CmpSci 535 Semester Project Computer Emulation
Your team will design an instruction set architecture for a computer system, write a software emulation of the system, and evaluate its performance. The initial emulation will be for an atomic fetch-execute, flat memory version of the architecture. You will then add pipelining and caching. Each of these additions will be evaluated for its effect on performance, separately and together. To evaluate the performance of the system, you will need to write several benchmark applications to run on the emulator. These must exercise the pipeline as well as the cache, so they should be computationally intensive and use a large memory footprint. I recommend an insertion sort and a matrix multiply as relatively easy to program yet able to operate on a large data set.
The architecture should support at least 1 M (220) words of storage. It should provide basic arithmetic and logic operations, memory access operations, and branch/jump operations. Integer and floating-point arithmetic should be provided. The architecture does not need to support supervisor state or specific I/O capabilities. I/O can be simulated through the emulator's user interface's capabilities for examining and changing registers and memory. The emulator must keep an accurate count of the clock cycles required to execute each instruction so that you can measure performance.
You are free to choose the programming language for development of your emulator. I do, however, recommend the use of an object-oriented language such as Java or C++ to reduce the software engineering effort. Although teams have built projects using Shockwave in the past, they have run into major problems with performance, which have not usually surfaced until trying to make full benchmarking runs late in the semester. The choice of language probably depends on what both team members are most comfortable with. Be certain from the start that you and your teammate have access to compatible tools. Teams in the past have run into serious trouble when they assigned development work by phases, and found at hand-off time that their environments were incompatible.
The first step in the project is to define the architecture that you will emulate. I recommend that you focus on the Reduced Instruction Set Computer (RISC) approach as it produces simple and regular instruction sets that are easier to emulate. A typical RISC instruction set has all instructions fitting in a single memory word. The instructions all have a common "format" field that identifies the type of the instruction. Typical RISC sets have a small set of formats: memory, jump, branch, arithmetic/logic unit (ALU). They have a large set of registers (32 integer, 32 floating-point, 32 control), and all memory references are through explicit load and store instructions. RISC architectures usually support a small number of addressing modes, and these are often specific to the instruction type. For example, memory references are register-indirect, branches are immediate offset, ALU operations are all register direct, and so on.
An alternative approach is an accumulator architecture, which has just one main register. The accumulator approach is somewhat simpler to emulate, but is more difficult to program with benchmarks. We will cover instruction set options in our class discussions.
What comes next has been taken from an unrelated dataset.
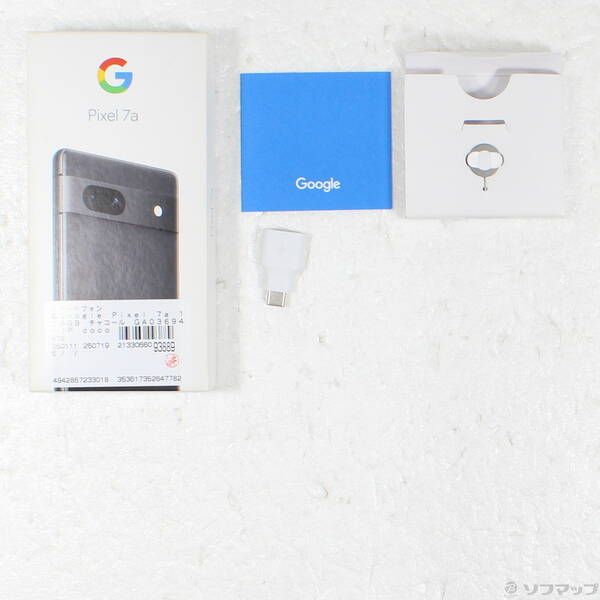中古品〕 Google Pixel 7a 128GB チャコール GA03694-JP docomo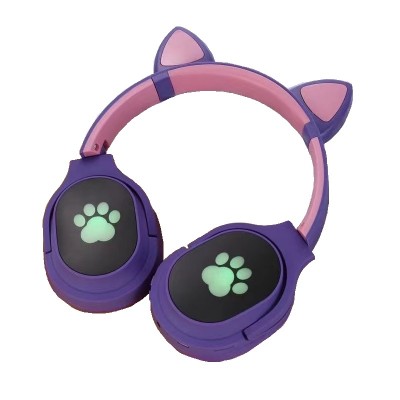 Ασύρματα ακουστικά - Cat Headphones - VZV-380M - 703800 - Purple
One instruction that is not usually present in modern processors that you will want to include is a "halt" operation. If you prefer, this can be encoded as, for example, a jump to a specific address – effectively a trap instruction, but because there is no operating system, the effect is to turn control over to the user interface and stop the processor.
A preliminary ISA design will be due as part of a homework on Sept. 25. After receiving feedback on the design, a polished ISA design will be presented Oct. 2.
The data path is the route that data follows in ALU operations: From registers, through functional units, and back to registers. Having defined the ISA, you now have encodings for the arithmetic and logical operations that your architecture supports. Your development of the emulator begins with the simulation of the registers and functional units.
The inputs for activating the data path are: Source register numbers, destination register number, operation, and clock. Most ALU operations execute in a single clock cycle, but multiply and divide, for example, take multiple cycles. The simulation for the data path should allow the user to enter the register number and operation inputs and then indicate (for example, with a button press) that the simulation should advance one cycle. A count of the clock cycles should be displayed, and the user should be able to reset the count.
Your emulation should show the data in all of the registers, and allow the user to change the register values. For a multi-cycle integer operation such as multiply, divide, and shift, any internal registers should be updated as they would be in the actual hardware, and their contents should be displayed after each clock cycle. You do not need to simulate the actual hardware implementation (that is, the gate-level operation) of the single-cycle operations, or the floating-point operations.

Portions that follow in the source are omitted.